Summer Food and Nightcrawler

I haven't been cooking much lately  - just enough to pass along a few recipes from the past month. The Barefoot Contessa's Flag Cake (our version is pictured here) was a big hit, as were David Lebovitz's Gougères. I'm looking forward to trying out Mark Bittman's Sigapore Chili Lobster sometime soon. For that adventure - which will involve live lobsters - I've already secured co-council. I've been watching re-runs of The Good Wife and have found legalese as fun to throw around as Italian. Prego!

When TGW first debuted I assumed they'd never find me in their audience.

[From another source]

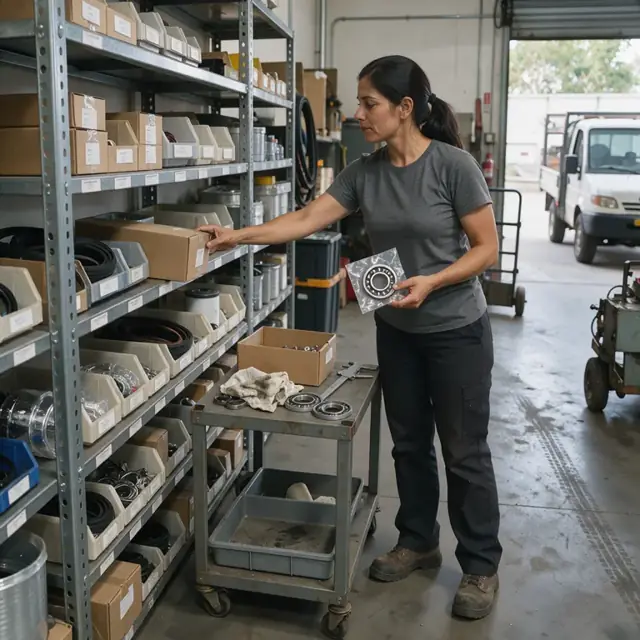 a metal shelving unit in a parts room stocked with boxed bearings, seals, belts and filters with bin labels visible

This was for the same reason I planned to never watch Big Love:  there's just not enough lifetime waking hours to spend any of them wrapped up in adulterous dramas. I'm not sure if it's more surprising that I watched a multiple seasons of Big Love or that I found myself rooting for those dear polygamists. With TGW, it's all about Kalinda and Eli. The last time I saw Alan Cumming was as Nightcrawler in X-Men 2. I'm half-expecting him to pounce into Alicia's office, long tail flying, only to dissipate into a cloud of midnight blue smoke.

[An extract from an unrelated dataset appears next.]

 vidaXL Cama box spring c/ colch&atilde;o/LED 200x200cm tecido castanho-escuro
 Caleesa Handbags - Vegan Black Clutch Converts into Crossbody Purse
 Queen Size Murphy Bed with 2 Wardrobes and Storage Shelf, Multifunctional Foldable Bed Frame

In between reruns I've been answering a flood of emails concerning picnic food. Here's what I've been suggesting:

Salads
Fresh Corn Salad
Three Bean Salad
Roasted Red Potato Salad
Avocado Salad
Potato, Dill, and Cucumber Salad
Panzanella

Main Courses
Flank Steak Sandwiches
Asian Chicken Lettuce Wraps
Summer Chicken Salad
Pan Bagnia
Chilled Soba Noodles


More soon on tweaks to the Flag Cake and gougères to really send them over the top.